A Hamster In The Hand

 

I’ve been taking school pictures this season and had the opportunity to include this adorable mascot the other day. Artie even got a badge made, though I imagine he’d chew it up given the chance.

It’s nice to know there are still classroom pets out there. I know there is a possibility of animal harm with this, but I like to think we have become more sensitive to animal care as a society, and trust that teachers have both the best interests of students and the class pet at heart. A lost class pet is a tragedy of Shakespearean proportions, not to be invited into your life lightly.* You learn to like, adore and love something that carries responsibility with it, not an object but a living thing that doesn’t argue you with you like a friend or sibling.

That’s one of the great things about pets. If you don’t have a pet of your own, you can get a taste of it. There’s a shared responsibility, and honor even, in seeing to the animal’s well-being, whether it happens in class or on occasions where a family has to take care of Mr. Fluffy over a break or holiday, if not a rotating weekend schedule. Plus you get to learn how stinky things get without regular cleaning.

It gives you a chance to see that the world is bigger than your tiny sheltered corner. That animals are sometimes unpredictable in their responses even as they have predictable habits. As are humans.

For children there is the vital opportunity to develop compassion for a creature that might not need our help if it were in the wild, but deserves our mercy and respect when we cross paths with it.

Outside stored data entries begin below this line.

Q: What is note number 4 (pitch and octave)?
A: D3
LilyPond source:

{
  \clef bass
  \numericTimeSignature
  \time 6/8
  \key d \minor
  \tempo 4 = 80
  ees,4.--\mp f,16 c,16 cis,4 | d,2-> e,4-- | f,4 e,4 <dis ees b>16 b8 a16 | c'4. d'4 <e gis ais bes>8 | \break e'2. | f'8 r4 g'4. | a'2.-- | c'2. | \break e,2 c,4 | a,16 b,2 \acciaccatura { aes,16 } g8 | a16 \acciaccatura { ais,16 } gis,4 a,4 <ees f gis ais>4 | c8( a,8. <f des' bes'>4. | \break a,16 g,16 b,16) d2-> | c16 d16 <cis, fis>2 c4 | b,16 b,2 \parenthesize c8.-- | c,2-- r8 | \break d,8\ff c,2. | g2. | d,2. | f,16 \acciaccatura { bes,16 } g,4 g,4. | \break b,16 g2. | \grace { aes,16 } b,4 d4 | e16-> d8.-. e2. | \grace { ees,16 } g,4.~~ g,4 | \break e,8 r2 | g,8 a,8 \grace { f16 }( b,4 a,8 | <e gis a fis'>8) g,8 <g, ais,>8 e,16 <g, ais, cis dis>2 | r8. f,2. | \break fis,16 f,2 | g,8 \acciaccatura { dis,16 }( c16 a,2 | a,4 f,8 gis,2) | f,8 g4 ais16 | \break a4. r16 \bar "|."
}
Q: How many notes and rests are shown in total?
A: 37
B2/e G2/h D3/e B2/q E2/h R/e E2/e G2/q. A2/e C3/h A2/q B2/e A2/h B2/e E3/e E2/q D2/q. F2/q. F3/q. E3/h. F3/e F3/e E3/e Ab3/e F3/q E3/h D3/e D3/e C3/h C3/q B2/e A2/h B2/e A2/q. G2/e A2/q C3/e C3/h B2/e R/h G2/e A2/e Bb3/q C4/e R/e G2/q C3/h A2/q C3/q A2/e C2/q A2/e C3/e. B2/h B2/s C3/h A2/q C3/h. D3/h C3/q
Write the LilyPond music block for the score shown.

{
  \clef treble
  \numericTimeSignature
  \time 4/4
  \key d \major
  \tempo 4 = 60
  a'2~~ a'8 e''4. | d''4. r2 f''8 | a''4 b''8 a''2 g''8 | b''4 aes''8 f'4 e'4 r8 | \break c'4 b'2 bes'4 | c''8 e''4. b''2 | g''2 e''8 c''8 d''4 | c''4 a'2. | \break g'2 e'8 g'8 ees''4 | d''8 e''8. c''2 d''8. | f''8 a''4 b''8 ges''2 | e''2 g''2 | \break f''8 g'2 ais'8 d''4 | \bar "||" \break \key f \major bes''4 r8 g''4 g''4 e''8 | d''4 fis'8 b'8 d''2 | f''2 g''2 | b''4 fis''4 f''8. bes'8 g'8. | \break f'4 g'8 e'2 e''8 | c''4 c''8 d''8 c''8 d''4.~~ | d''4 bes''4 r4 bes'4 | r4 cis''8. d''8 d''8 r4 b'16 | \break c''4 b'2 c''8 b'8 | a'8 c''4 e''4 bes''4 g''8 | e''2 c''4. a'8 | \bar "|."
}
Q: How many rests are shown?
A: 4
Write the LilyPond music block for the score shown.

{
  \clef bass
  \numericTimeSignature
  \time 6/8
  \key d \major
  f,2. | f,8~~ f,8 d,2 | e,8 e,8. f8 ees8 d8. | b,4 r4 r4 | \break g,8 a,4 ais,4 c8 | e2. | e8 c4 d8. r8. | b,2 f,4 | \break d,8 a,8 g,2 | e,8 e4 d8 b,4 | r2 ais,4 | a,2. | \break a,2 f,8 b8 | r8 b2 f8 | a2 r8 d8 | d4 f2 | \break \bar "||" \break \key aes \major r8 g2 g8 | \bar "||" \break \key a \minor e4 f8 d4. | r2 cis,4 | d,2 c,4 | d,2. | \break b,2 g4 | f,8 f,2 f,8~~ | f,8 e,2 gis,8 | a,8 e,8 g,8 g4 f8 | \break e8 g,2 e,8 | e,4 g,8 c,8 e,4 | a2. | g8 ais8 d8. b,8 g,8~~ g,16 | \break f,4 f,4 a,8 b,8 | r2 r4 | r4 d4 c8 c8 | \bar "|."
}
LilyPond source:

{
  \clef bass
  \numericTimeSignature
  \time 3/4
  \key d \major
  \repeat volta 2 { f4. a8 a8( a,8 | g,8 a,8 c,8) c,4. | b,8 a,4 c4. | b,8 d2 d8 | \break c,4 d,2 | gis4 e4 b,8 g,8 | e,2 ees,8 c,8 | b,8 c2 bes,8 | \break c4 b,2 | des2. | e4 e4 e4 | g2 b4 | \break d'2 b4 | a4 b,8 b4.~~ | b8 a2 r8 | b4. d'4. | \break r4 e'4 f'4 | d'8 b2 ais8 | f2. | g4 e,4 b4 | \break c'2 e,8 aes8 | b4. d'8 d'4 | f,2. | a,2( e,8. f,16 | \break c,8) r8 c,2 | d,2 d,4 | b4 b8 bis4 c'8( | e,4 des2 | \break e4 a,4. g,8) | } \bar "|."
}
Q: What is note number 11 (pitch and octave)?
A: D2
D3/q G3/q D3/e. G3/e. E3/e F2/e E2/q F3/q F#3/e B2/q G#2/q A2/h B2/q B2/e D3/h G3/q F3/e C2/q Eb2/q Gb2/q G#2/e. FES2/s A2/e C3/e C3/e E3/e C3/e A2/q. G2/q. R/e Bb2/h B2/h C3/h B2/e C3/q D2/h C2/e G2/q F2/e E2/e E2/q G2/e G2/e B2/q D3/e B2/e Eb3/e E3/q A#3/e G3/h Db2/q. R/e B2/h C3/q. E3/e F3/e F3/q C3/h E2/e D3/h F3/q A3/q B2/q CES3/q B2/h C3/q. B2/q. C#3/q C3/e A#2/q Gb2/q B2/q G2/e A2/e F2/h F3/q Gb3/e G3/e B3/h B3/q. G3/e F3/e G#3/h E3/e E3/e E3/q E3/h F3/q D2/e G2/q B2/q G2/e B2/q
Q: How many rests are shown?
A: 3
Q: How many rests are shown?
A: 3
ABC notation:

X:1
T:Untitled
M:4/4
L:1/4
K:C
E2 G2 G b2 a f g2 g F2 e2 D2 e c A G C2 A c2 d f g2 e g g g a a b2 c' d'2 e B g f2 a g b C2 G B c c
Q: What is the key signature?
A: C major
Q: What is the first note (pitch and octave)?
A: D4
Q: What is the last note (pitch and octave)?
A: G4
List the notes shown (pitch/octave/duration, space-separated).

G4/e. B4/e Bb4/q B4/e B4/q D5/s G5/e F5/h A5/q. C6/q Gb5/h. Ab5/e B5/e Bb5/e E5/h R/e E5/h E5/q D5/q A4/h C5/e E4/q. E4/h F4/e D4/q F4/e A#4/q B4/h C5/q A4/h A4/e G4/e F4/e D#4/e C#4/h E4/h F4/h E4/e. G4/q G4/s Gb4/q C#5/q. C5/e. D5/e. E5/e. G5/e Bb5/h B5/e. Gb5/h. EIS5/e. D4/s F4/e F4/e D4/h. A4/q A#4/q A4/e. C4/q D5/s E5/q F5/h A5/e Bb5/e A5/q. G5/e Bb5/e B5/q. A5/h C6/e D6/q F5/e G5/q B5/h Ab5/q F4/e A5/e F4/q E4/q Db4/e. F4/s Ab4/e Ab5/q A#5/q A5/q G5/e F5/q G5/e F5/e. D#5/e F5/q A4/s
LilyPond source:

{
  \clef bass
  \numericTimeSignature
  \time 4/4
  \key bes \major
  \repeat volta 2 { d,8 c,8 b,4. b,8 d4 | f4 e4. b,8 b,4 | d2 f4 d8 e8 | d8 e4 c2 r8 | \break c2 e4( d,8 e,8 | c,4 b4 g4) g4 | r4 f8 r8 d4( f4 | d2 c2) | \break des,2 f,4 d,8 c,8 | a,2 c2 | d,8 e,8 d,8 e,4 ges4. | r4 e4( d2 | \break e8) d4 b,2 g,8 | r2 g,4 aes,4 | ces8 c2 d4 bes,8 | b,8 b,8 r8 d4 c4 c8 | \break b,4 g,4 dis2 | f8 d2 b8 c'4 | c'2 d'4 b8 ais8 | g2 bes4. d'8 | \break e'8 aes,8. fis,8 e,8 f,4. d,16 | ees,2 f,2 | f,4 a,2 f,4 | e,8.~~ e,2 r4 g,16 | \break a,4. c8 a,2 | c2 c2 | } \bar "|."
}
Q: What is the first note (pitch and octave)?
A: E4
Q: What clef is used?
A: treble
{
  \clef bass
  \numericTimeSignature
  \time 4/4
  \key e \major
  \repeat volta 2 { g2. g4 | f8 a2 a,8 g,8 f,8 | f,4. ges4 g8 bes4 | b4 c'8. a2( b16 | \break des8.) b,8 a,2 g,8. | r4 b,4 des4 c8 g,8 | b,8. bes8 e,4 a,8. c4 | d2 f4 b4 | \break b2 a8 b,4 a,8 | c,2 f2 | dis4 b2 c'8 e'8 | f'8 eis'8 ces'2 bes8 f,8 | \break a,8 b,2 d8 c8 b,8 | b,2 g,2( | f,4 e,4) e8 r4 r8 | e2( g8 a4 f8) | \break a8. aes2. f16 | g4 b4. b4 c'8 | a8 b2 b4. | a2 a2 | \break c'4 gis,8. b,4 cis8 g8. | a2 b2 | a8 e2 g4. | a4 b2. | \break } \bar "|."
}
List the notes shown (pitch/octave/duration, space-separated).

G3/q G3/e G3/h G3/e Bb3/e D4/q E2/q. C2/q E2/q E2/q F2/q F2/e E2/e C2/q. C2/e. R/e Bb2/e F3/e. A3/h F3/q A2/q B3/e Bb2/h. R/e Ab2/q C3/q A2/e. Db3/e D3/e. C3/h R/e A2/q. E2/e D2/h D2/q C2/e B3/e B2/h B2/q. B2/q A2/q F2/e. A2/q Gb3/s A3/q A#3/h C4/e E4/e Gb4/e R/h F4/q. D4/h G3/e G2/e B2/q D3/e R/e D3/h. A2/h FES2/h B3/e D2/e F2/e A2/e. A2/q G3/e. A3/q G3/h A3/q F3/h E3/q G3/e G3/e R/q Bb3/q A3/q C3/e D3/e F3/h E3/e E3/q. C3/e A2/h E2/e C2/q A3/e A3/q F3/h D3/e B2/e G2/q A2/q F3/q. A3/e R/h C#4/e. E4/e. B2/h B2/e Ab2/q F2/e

And just maybe, that becomes a deeper thread and we learn to maintain compassion for larger creatures, fellow humans and nature itself, even when things seem ready to turn on us, because we are all partners in one large complicated ecosystem.

—–David

* Unless you’re in a sitcom.

P.S. Our family had gerbils when I was a kid. I still have fond memories of breakfast times when we made tiny little pancakes for them, and they would hold them in their little hands and eat.


Also published on Medium.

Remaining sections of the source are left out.